Steadily rising yields at LG’s OLED-panel manufacturing facilities enabled the company to roll out OLED TVs to more than 2,000 brick-and-mortar stores, drop prices of the four newest Ultra HD 4K models by 30 to 45 percent, and bring out a 1080p OLED display at $1,999, said Tim Alessi, head of product development at LG Electronics USA.
The first 1080p OLED TV debuted a few years ago at $15,000, he noted during the CEDIA Expo.
“By and large, dealers are pretty pleased with greater availability and sellthrough,” he told the press.
In other comments, he said LG won’t launch an Ultra HD Bu-ray player this year but said the trade “will most likely see something at CES.”

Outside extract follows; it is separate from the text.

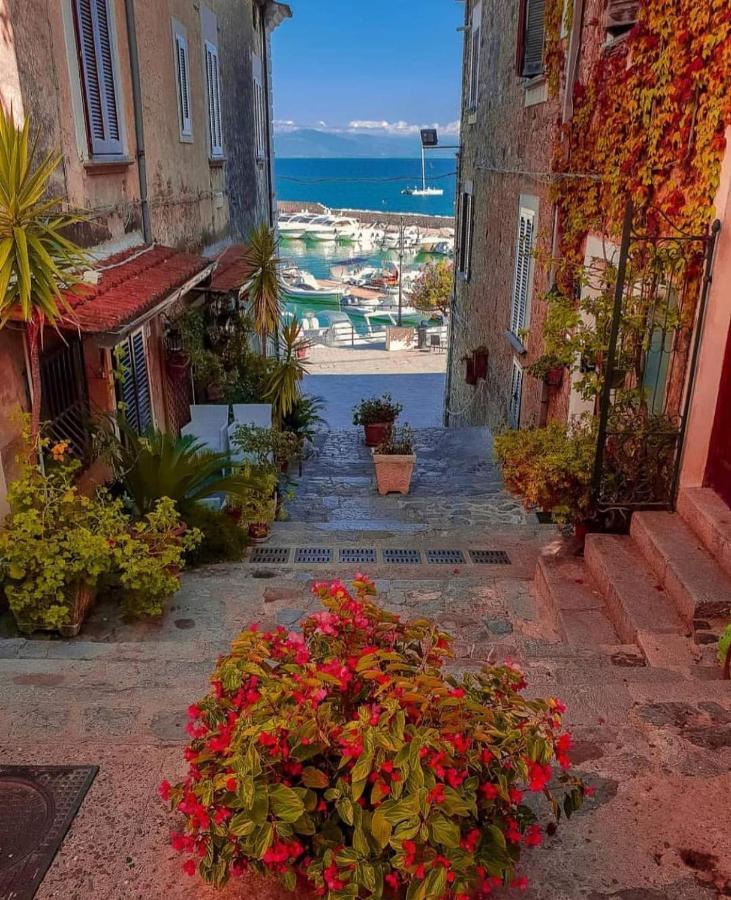 By The Sea In Scario Exterior foto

To support expanded OLED-TV availability, 4,200 displays have been set up at retail to highlight OLED TVs, and an “extensive” digital campaign is underway, Alessi said. A training and certification program has also been implemented to train sales associates on the technology’s advantages in reproducing perfect black levels and delivering high dynamic range (HDR) without high peak brightness for more comfortable viewing, he said.
OLED’s 10-bit panels deliver a color gamut exceeding current Rec. 709 standards by 13 to 15 percent but don’t reproduce DCI-P3 gamut delivered by digital cinemas. A time frame for OLED to achieve P3 gamut wasn’t available.
In other comments, Alessi noted that the company’s two EF9500 OLED 4K TVs display HDR video from their streaming-video apps and, via HDMI 2.0a, from future external sources such as 4K Blu-ray players. The company’s 9600 4K OLEDs will get a firmware update for compatibility with HDR streaming services, but their HDMI 2.0 ports aren’t upgradable to 2.0a to display content in HDR from outboard 4K sources.